Saved data entries:
-- Opening Marker --

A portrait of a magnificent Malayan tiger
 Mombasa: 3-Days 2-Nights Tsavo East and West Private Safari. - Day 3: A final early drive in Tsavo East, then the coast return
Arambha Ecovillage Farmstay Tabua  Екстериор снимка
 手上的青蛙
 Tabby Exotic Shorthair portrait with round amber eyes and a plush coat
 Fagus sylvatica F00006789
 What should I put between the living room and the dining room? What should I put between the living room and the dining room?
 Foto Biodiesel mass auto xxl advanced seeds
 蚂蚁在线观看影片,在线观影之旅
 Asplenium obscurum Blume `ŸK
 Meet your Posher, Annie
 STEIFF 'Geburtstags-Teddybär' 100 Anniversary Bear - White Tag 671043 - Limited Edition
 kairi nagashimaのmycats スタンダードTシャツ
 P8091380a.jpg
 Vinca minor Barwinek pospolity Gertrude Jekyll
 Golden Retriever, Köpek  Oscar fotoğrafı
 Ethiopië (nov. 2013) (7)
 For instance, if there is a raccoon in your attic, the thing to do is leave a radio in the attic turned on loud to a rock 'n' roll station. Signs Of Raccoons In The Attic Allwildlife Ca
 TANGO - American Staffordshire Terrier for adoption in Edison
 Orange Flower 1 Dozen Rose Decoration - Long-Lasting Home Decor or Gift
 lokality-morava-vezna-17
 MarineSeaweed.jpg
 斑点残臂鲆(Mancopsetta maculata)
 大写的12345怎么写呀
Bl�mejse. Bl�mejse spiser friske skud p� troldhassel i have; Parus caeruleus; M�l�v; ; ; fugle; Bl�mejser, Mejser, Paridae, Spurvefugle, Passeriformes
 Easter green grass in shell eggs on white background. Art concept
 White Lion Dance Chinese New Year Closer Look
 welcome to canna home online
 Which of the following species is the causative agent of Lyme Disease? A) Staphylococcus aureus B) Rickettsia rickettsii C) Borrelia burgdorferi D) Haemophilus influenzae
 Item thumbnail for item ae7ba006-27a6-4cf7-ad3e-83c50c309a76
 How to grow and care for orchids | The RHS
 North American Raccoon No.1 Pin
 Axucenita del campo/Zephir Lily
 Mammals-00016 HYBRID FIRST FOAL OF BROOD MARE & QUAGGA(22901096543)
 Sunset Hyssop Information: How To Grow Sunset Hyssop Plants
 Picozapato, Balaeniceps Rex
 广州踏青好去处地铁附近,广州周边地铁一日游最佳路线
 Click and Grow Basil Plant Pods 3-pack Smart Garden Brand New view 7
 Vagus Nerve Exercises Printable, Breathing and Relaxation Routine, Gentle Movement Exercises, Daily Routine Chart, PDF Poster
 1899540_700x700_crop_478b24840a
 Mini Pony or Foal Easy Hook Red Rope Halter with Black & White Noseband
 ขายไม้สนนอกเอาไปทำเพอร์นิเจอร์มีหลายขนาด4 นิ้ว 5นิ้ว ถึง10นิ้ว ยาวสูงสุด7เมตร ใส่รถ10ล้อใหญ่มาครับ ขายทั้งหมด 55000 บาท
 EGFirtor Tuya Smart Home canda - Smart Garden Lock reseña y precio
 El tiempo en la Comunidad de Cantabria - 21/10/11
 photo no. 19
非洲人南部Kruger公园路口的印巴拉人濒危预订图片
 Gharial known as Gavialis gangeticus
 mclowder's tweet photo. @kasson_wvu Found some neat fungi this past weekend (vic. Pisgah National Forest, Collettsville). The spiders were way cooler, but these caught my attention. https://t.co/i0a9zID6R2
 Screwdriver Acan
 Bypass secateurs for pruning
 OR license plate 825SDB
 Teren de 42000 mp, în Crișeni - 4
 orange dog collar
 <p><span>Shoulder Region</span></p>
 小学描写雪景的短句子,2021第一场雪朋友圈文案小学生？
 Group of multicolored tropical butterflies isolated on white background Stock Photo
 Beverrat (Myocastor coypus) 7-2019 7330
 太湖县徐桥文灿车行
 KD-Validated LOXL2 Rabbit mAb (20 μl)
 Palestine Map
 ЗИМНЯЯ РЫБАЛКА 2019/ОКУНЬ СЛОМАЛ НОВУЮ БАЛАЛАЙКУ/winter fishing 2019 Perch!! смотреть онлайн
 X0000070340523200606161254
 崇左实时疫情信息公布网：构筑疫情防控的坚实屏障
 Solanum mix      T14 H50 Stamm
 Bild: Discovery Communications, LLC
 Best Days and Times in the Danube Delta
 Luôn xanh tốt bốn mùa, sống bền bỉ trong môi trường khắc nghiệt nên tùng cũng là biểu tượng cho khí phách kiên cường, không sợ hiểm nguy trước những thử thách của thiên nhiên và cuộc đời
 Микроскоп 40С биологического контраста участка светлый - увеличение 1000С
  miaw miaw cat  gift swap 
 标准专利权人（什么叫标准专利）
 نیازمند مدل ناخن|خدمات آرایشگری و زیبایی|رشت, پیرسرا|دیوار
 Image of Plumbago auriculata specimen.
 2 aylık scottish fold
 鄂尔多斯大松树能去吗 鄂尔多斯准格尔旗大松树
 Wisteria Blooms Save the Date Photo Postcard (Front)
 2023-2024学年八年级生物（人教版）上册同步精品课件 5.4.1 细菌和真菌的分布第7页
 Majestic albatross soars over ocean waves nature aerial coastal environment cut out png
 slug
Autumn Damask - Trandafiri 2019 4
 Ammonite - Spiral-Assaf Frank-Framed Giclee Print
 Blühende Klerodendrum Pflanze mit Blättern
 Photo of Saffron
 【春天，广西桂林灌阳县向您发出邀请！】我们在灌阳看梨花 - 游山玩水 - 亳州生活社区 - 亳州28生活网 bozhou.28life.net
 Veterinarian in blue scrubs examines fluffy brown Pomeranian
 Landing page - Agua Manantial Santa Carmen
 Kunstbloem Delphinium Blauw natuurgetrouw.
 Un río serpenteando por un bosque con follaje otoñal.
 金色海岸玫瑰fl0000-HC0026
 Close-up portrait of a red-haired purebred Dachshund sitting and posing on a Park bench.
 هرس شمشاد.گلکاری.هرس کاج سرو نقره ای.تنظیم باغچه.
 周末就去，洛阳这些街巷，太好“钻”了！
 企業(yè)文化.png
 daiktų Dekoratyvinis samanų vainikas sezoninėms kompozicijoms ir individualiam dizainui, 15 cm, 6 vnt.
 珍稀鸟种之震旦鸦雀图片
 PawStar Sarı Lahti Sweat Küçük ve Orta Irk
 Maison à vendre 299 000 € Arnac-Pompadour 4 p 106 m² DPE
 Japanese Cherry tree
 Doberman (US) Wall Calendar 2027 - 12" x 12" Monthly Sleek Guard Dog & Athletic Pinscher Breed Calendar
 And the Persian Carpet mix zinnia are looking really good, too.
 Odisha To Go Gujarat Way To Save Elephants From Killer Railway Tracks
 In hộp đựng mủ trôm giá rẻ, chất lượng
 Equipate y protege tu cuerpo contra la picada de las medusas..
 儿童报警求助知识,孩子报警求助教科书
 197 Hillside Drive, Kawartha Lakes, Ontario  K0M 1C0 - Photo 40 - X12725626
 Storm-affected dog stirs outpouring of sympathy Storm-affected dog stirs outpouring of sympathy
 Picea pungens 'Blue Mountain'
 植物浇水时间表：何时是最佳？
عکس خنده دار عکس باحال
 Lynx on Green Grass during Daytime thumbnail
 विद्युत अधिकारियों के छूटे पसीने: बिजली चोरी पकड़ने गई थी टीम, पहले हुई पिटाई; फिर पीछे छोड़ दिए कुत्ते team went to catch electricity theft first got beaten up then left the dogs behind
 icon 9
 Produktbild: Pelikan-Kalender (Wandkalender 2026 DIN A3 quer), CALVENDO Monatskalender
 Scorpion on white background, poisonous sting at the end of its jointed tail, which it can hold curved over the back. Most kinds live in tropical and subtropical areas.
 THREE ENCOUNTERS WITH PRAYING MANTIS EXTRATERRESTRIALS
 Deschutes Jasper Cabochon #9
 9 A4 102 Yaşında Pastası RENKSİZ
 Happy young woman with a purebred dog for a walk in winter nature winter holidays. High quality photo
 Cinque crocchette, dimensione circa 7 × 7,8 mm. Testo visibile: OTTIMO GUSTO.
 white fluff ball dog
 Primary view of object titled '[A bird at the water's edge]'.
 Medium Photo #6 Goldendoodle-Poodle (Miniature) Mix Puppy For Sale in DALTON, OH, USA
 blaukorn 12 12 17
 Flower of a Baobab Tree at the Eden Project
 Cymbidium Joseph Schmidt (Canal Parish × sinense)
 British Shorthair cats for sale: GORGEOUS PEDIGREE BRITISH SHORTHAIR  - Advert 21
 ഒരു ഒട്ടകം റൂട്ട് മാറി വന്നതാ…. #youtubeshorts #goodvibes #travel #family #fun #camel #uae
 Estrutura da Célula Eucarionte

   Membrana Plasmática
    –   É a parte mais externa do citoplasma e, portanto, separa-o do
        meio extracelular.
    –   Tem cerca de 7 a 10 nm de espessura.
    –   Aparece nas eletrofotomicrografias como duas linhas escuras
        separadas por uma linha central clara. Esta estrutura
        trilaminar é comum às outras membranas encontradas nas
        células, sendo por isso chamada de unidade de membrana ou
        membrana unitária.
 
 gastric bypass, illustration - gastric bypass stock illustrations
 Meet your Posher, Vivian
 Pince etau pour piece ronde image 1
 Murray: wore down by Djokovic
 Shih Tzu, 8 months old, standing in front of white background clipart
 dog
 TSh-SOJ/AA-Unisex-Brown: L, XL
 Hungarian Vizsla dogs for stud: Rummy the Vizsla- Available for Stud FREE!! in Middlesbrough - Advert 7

-- Closing Marker --

Exercise details — Look through the entries above, and wherever a line holds the word "then", copy it.

Finished exercise —
 Mombasa: 3-Days 2-Nights Tsavo East and West Private Safari. - Day 3: A final early drive in Tsavo East, then the coast return
 विद्युत अधिकारियों के छूटे पसीने: बिजली चोरी पकड़ने गई थी टीम, पहले हुई पिटाई; फिर पीछे छोड़ दिए कुत्ते team went to catch electricity theft first got beaten up then left the dogs behind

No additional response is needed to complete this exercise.